Not precisely. Here is Claim 1 of the patent:

providing a seed value to both said transmitter and receiver,
generating a first sequence of pseudo-random key values based on said seed value at said transmitter, each new key value in said sequence being produced at a time dependent upon a predetermined characteristic of the data being transmitted over said link,
encrypting the data sent over said link at said transmitter in accordance with said first sequence,
generating a second sequence of pseudo-random key values based on said seed value at said receiver, each new key value in said sequence being produced at a time dependent upon said predetermined characteristic of said data transmitted over said link such that said first and second sequences are identical to one another a new one of said key values in said first and said second sequences being produced each time a predetermined number of said blocks are transmitted over said link, and
decrypting the data sent over said link at said receiver in accordance with said second sequence.

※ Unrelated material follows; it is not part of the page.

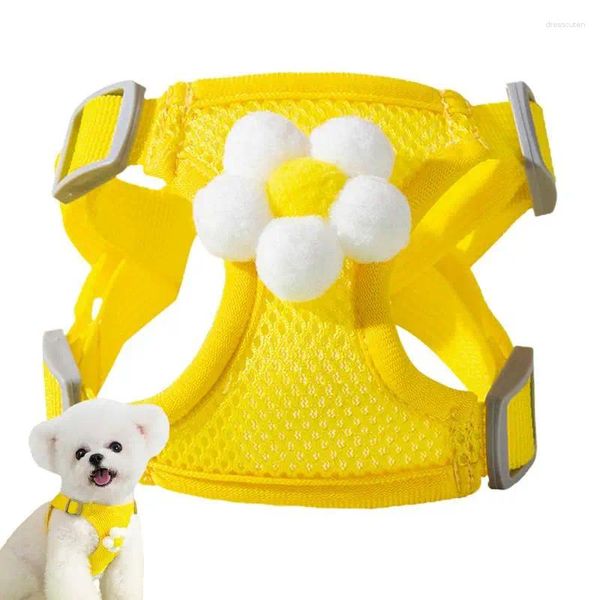 Abbigliamento per cani senza prelievo di trazione giallo regolabile giubbotto a d-anello a d-ring gatto imbracature a maglie morbide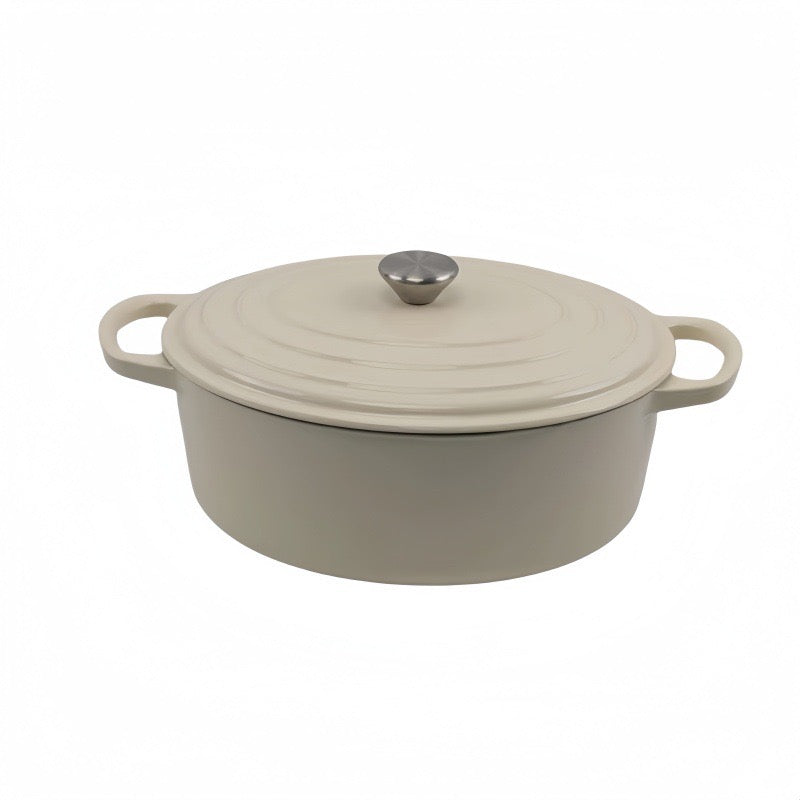 31cm oval enamel cast iron pot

So note that the keys are already provided (exchanged) in the first limitation. Then there's the issue of deriving the receiver and transmitter keys. This could refer to the pseudo-random function (PRF) used to generate session keys in TLS, but my understanding is that they're only asserting this against RC4 configurations.

That last clue is what makes me think that the "first sequence of pseudo-random key values" is RC4 output, and "encrypting" is XORing the plaintext with those values.

Comment The real problem (Score 4, Interesting) 347

Nevermind that the patent was actually filed in 1989, long before the World Wide Web was even invented.

The problem here is not that the patent was filed before SSL was invented (about 1995) -- that could be fine, if SSL was using a patented technology that pre-dated its own invention.

The problem here is that the attorneys are accusing the practice of 'sending network records over a wire and encrypting them with a stream cipher', where in this case the cipher is (I believe RC4). However RC4 was invented in the 1980s and should pre-date this patent. I'm certain that somebody used it to encrypt network traffic in an almost identical manner, so there should be prior art.

Moreover, stream ciphers in general have been around for much longer than that. Someone somewhere has published/deployed this idea before. It should not be a live patent. Note that the case has never been tested by a court.